Fece un piccolo cenno a Larry che uscì dalla stanza.
— Fa freddo là fuori. Si versi da bere, John. È sullo scaffale. — Indicò un punto alla sua sinistra. — E già che c’è mi porti un bicchiere. Due dita di bourbon in un bicchier d’acqua. È tutto.
Annuii e feci come mi aveva detto.
— Si sieda. — Indicò una sedia vicina mentre mi riavvicinavo alla sua. — Ma prima mi faccia vedere l’aggeggio che ha portato.

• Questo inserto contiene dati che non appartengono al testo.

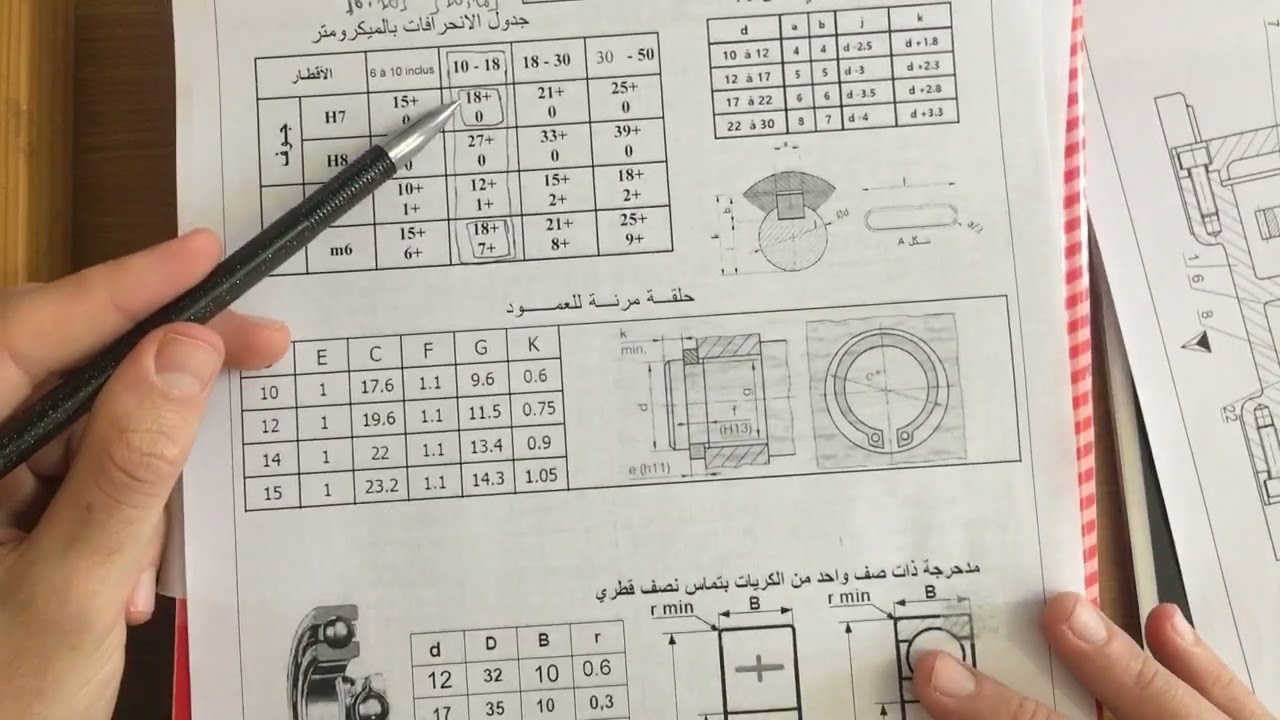 تصحيح البكالوريا التجريبي الجزء 4 (التوافقات)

Disfeci il pacco e gli porsi l’elmetto con entrambe le mani. Lo studiò, aggrottando le sopracciglia, girandolo da tutte le parti. Lo alzò e se lo mise in testa.
— Niente male — disse, e poi sorrise per la prima volta, diventando per un momento il volto che avevo conosciuto dai notiziari in passato.
Si tolse l’elmetto e lo posò sul pavimento.
— Veramente niente male — disse. — Niente a che vedere con gli strumenti dei vecchi tempi. Ma poi David Fentris l’ha costruito. Sì, ce ne ha parlato… — Prese il bicchiere e bevve una sorsata. — Lei è il solo che è riuscito a servirsene, evidentemente. Cosa ne pensa? Servirà a qualcosa?
— Sono rimasto in contatto soltanto per un paio di secondi, così ho ricevuto solo la sensazione di continuare, niente più di una traccia. Ma, sì, ho avuto la sensazione che se avessi avuto più tempo sarei riuscito a modificare i suoi circuiti.
— Dica, perché non è riuscito a salvare Dave.
— Nel messaggio che mi ha lasciato, ha indicato il fatto di essere stato distratto alla sua stazione di accesso al computer. Probabilmente il rumore ha coperto il ronzio.
— Perché questo messaggio non è stato conservato?
— L’ho cancellato per ragioni non connesse al caso.
— Che ragioni?
— Mie personali.
Il suo volto si indurì leggermente.
— Ci si può cacciare in un mucchio di guai sopprimendo le prove, ostacolando la giustizia.
— Allora abbiamo qualcosa in comune, non è vero signore?
I suoi occhi si fissarono nei miei con un’espressione che in precedenza avevo incontrato solo in chi ce l’aveva a morte con me. Mantenne fisso lo sguardo per qualche secondo, poi lo abbassò e sembrò rilassarsi.
— Don ha detto che ci sono molti punti su cui non vuole essere interrogato — disse infine.
— È verissimo.
— Non ha tradito nessuna confidenza, ma ha dovuto dirmi qualcosa su di lei.
— Immagino.
— Sembra che abbia un’enorme stima di lei. Eppure, ho cercato di fare qualche piccola indagine personale sul suo conto.
— E…?
— Non potrei… e le mie fonti sono ottime in quel genere di cose.